The governor of Istanbul announced Friday that pride events scheduled to begin on Sunday have been banned.
"The organization of a meeting and demonstration march on the mentioned dates will not be allowed by our governorate for the safety of our citizens, first and foremost the participants’, and for public order," said a press statement from the governor's office.
Sunday's event would be the 13th year of Istanbul's pride march, a festival that started with just 30 participants in 2003 and grew to tens of thousands in recent years. But last year Turkish officials banned the event an hour before it was due to begin, and police used tear gas and water cannons at pride marchers throughout the city well into the night.
The march had been threatened by factions of the Turkish far right and Islamist groups.

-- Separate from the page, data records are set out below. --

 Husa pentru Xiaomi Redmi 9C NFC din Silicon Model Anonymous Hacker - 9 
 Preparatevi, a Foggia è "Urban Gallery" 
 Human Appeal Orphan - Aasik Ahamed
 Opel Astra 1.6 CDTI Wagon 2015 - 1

"We will never, ever allow such Immorality, like this march that is called 'honor' but really it is immoral, that touch the nation’s nerves, to be normalized or encouraged," said a group linked to the ultranationalist Great Union Party (BPP).

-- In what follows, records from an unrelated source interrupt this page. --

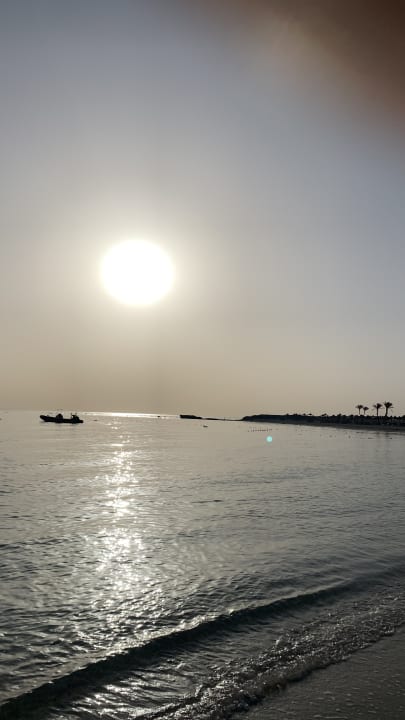 Strand Malikia Resort Abu Dabbab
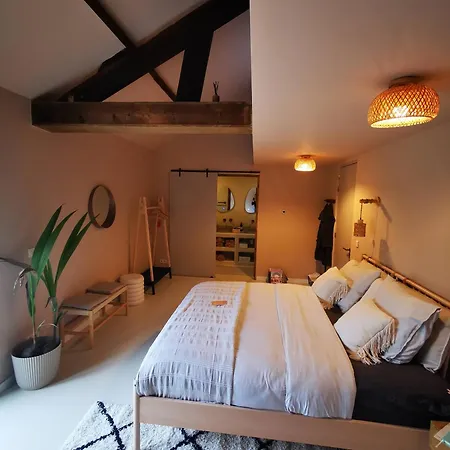Mera Luxe Wellness B&b, Ibiza-bohemian Style Suites, Adults Only, Optioneel Prive Outdoor Wellness, Massage, Vuurkorf, Gratis Fles Wijn Of Bubbels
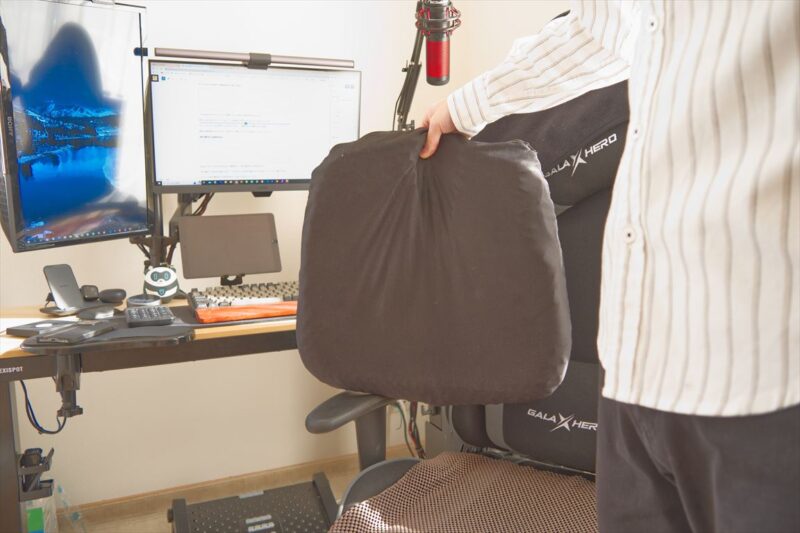 relaxheal ゲルクッション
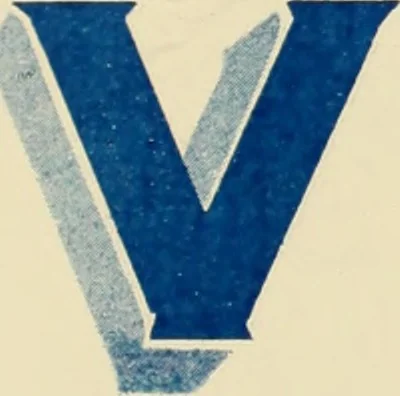 An illustration from The art ornamenter and modern sign writer. "Up to date.", 1895, leaf 64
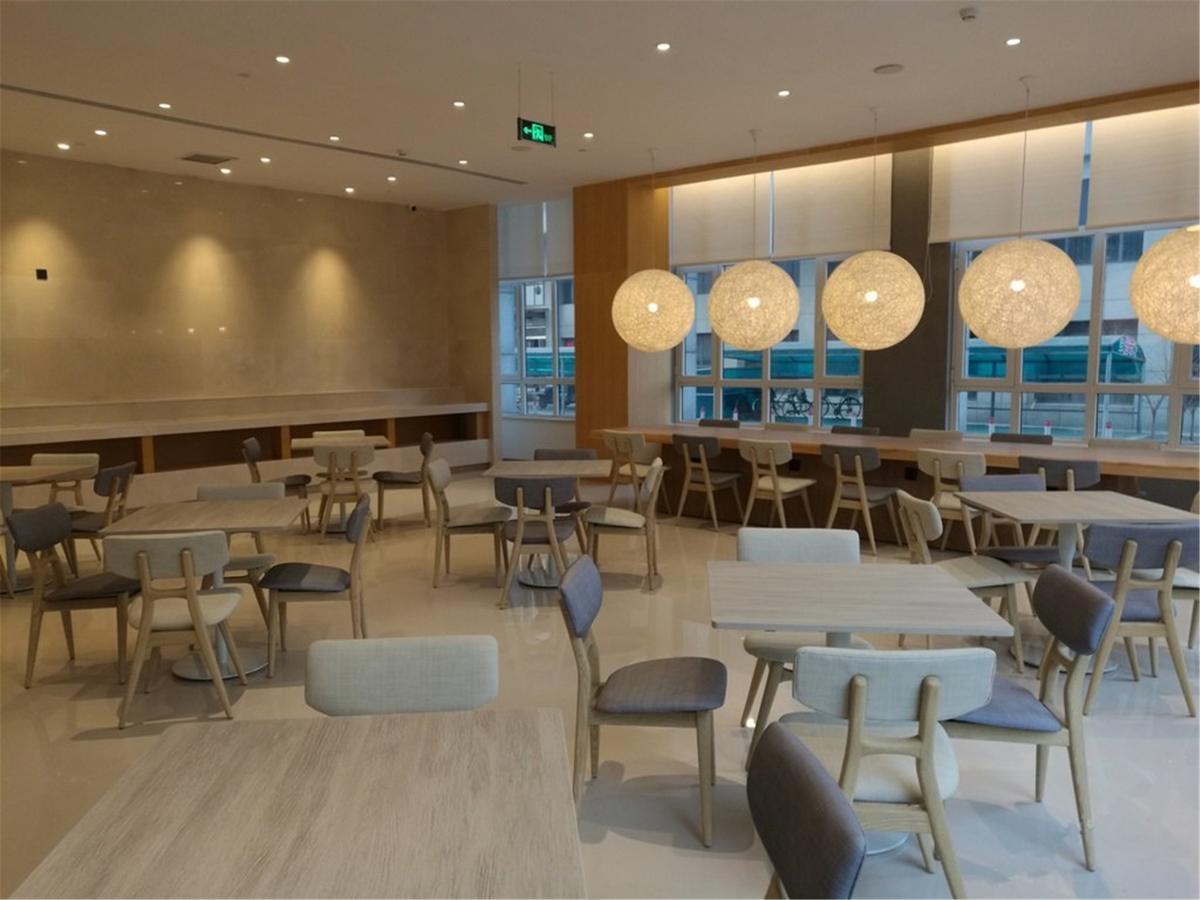 Ji Hotel Tianjin Huayuan Екстер'єр фото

"We will not allow this disgrace," declared a group called Muslim Anatolian Youth, which pledged to organize a counterprotest on June 19. The announcement was followed by comments including "If there is no explosion, we will meet [LGBT marchers] in the square" and "I am looking forward to the day when your heads will be halal," according to screen images captured by pride march organizers.

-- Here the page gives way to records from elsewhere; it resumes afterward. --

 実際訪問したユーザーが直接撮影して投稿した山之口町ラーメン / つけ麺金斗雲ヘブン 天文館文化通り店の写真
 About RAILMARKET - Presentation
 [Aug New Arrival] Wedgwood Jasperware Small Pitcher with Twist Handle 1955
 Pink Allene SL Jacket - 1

March organizers are bracing for violence, especially after the shooting of 49 people in a Florida gay nightclub last weekend by Omar Mateen, who officials said called 911 and pledged allegiance to ISIS before the attack.
"We are now so afraid after what happened in Orlando because we can see that it gave courage to the Islamist groups here," said Görkem Ulumeric, a pride organizer.
But these fears were made worse after Enes Babacan with the Milat newspaper posted a note on his Facebook page on June 12. “Greetings to the jihadis who have spread fear in the hearts of the infidels in the U.S.,” the note read. "The martyr has given the homosexuals the lesson they deserve, rest in peace."
Ulumeric said the pride organizers were meeting on Friday night to decide how to respond to the governor's ban. The first step would likely be to appeal to the courts, but Ulumeric said some of the organizers were already discussing marching even if the ban remains in effect.
Istanbul Pride is one of the few pride events in the region, and last year organizers had expected 100,000 people to participate. With few opportunities for LGBT people to publicly express their sexual identity in the Muslim world — in recent years, ISIS has been known to execute allegedly gay men a part of its propaganda — the event holds symbolic importance.
While Turkey is a secular state and its government has also been targeted by ISIS, it is governed by the Islamist AKP, and Ulumeric said the shutdown of the parade has put it on the side of extremist groups against the rights of LGBT people in the country.
"Our government is not that different from those groups," he said.